Joy Crookes: I’m influenced by so many people like Massive Attack, D’Angelo, Ebo Taylor, Nina (Simone), Solange. But also old post-punk bands that aren’t really that known from London and beyond. Young Marble Giants, from Wales, is one of my favourite post-punk bands. I just love the music, to be honest, and I appreciate what punk music did back in the day as well. I love the culture around it and the way that punk artists conducted themselves as people, in this almost activist way.
Joy Crookes: (I included vocal snippets) as I think they’re really important in contextualising the songs and the stories, and it allows you to understand what kind of people exist in the spaces I might be talking about.
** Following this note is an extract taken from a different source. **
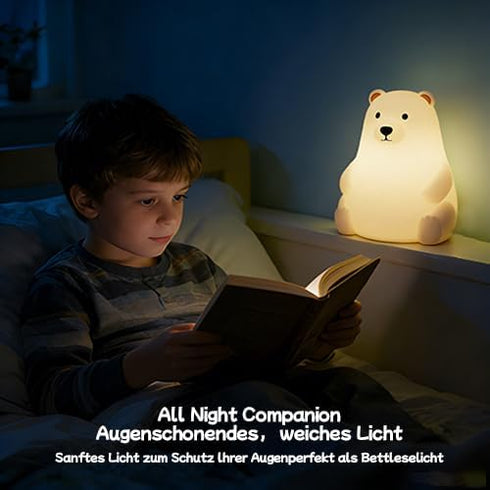 DNBFLLK 3 Polar Bear Silicone Night Light for Kids Nursery Bedroom - Tap Control, Adjustable Brightness, USB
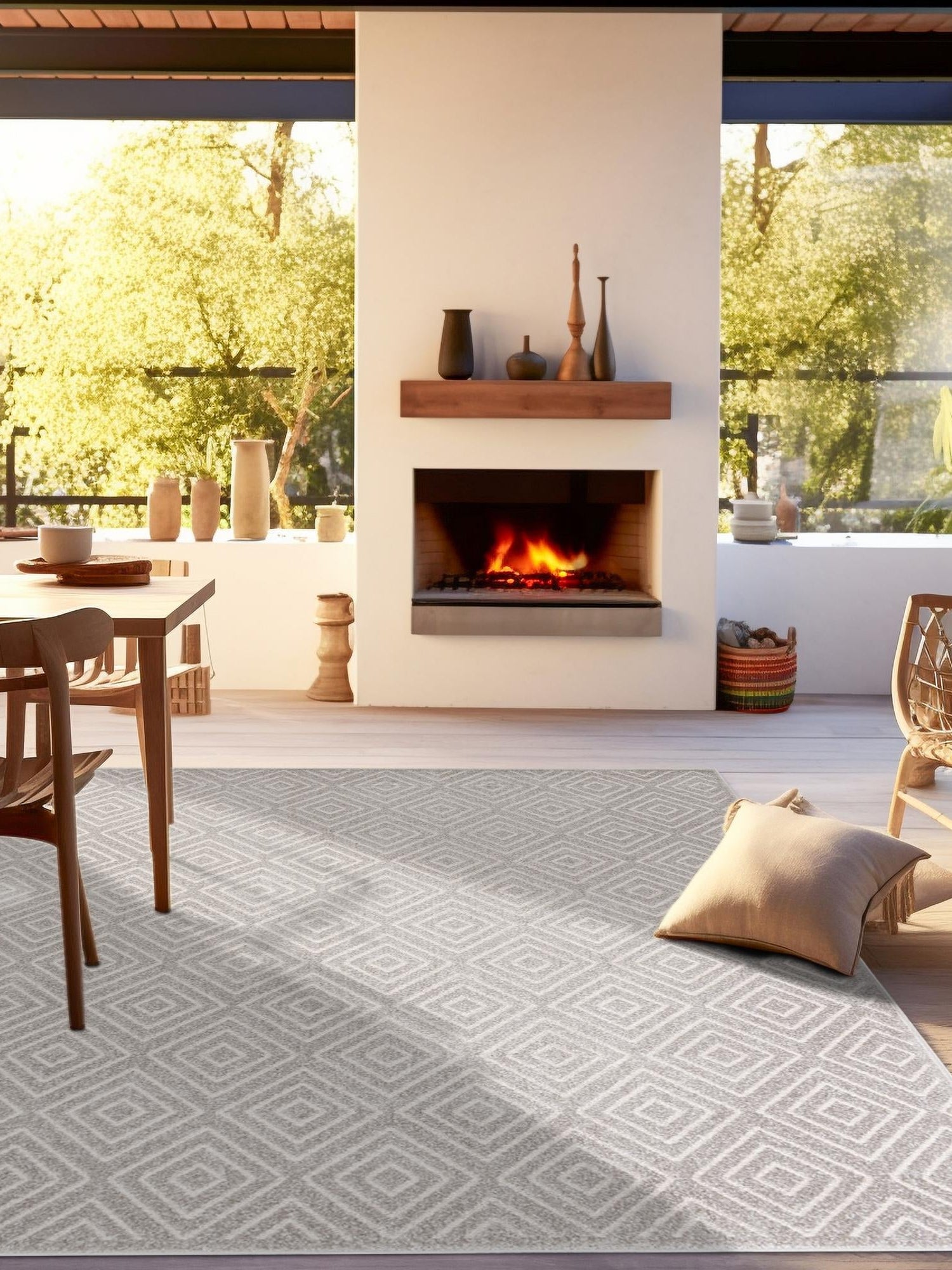 Gray 10' x 10' Sabrina Soto Outdoor Square Area Rug Weather Resistant for Patio, Deck, Terrace, Balcony, Porch Durable Carpet for Exterior Home Design for Sale at Rug Engine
Adding my grandma before “19th Floor” felt super normal to me but maybe will be interesting to someone else, and just having that bit of context, I think, hopefully makes people understand better. She’s happy that she’s on the album (even if) she doesn’t completely understand it, but yeah. I just love her so much!
Joy Crookes: “Feet Don't Fail Me Now” was a response particularly to the Black Lives Matter movement and protests, because I was pissed off with people being online activists and that world that people decided to exist in when, actually, there was no care. I was holding myself accountable but also everyone else accountable for being so fucking complicit. I think we’ve all been guilty of being that character, really.
“I was pissed off with people being online activists and that world that people decided to exist in when, actually, there was no care” – Joy Crookes
That year, though, for the first time ever I felt like I could say how I was feeling without a filter. And not only to do with race, but I felt like everyone bursted a little bit and it was like, you know what, ‘This this how I fucking feel’. It felt like, I don’t have to beat around the bush anymore, I can actually talk about how I feel about this world and particularly this country for the first time without having to make anyone feel mollycoddled.
Joy Crookes: There was such a huge loss of control that whole year, that it felt like I needed to create that control. I would tell myself, ‘You have to play piano for two hours today. And even if you come up with something you don’t like, you have to come up with something’. I’d time myself and be like, two hours of piano now, then one hour of production, one hour on the guitar. I had to create that routine for myself because otherwise I felt like, I was gonna go crazy. I needed to be on top of my mental health as well – it was quite a crippling time for a lot of people. I knew I could be one of those people.